Он протянул декану копию признания Бенедикта. Не того, что барончик оставил следователю, дескать, решил, что его отравили и подумал на студентку, с которой они были в давней ссоре, а потом целитель сказал, что никакого отравления не было, и теперь ему очень стыдно, что оговорил невиновную. Настоящего — того, что он написал для отца и которое Родерик вытребовал у барона.
Пробежав глазами первые строки, декан вскинул брови.
— При чем здесь…
— Дочитайте, пожалуйста. Так будет быстрее, чем рассказывать.
Декан нахмурился, и чем дольше он читал, тем глубже становилась морщина между бровями.
— Ты собираешься рассказать все это пострадавшей? — поинтересовался он, откладывая, наконец, бумаги в сторону.
— Я уже рассказал.
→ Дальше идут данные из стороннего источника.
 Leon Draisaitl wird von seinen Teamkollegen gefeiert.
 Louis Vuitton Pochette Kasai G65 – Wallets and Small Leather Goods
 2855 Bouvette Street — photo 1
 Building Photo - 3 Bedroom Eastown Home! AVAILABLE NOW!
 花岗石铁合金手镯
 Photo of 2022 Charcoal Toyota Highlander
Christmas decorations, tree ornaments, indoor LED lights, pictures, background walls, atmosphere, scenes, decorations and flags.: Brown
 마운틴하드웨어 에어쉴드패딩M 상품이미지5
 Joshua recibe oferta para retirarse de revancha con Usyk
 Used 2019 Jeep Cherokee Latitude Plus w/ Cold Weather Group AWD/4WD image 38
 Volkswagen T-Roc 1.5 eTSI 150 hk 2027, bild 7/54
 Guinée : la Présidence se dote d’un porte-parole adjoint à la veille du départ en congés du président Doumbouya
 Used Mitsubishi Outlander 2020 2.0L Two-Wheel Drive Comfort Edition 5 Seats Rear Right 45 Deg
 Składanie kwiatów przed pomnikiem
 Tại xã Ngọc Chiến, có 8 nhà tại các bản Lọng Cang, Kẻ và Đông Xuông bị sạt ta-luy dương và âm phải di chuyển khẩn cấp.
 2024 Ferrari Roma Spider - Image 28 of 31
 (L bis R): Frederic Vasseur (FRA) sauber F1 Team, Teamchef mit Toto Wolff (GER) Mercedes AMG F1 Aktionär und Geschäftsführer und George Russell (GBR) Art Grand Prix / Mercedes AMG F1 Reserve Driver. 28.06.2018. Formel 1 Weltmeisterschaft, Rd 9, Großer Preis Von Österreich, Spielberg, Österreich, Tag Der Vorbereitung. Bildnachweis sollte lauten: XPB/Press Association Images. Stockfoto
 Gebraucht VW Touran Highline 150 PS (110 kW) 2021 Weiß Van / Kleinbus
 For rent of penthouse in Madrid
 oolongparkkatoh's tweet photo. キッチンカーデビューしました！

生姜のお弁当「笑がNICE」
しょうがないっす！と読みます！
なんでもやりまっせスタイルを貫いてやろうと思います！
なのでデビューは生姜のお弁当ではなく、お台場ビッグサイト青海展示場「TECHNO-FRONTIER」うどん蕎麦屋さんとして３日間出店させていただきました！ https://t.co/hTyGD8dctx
Как староста целителей, я в какой-то мере несу ответственность за случившееся.
А еще — как человек, не будь которого, Корделия бы не обратила внимание на существование Лианор. Но об этом декану говорить необязательно. Тем более, что тот не дурак, сообразит.
— Лианор имеет право знать, почему едва не угодила на каторгу, — продолжал Родерик. — Но тень от поступка одной студентки падет на всех целителей. Лианор боевик, можете себе представить, что начнется, когда она поделится этой историей с однокурсниками.
Декан мрачно кивнул.
— Представляю, у них что на уме, то и на языке. Через день будет знать весь университет и… Во многом наши отношения с пациентами выстроены на доверии, но трудно доверять, зная, что знания могут использоваться во вред. Эта девушка… — Он заглянул в бумаги. — Можно ли договориться, чтобы она молчала?
— А вы бы не стали защищать свое доброе имя на ее месте?
— Понимаю, — качнул головой декан. — Но я не готов ничего предпринимать, пока не выслушаю другую сторону. Обвинение слишком серьезно.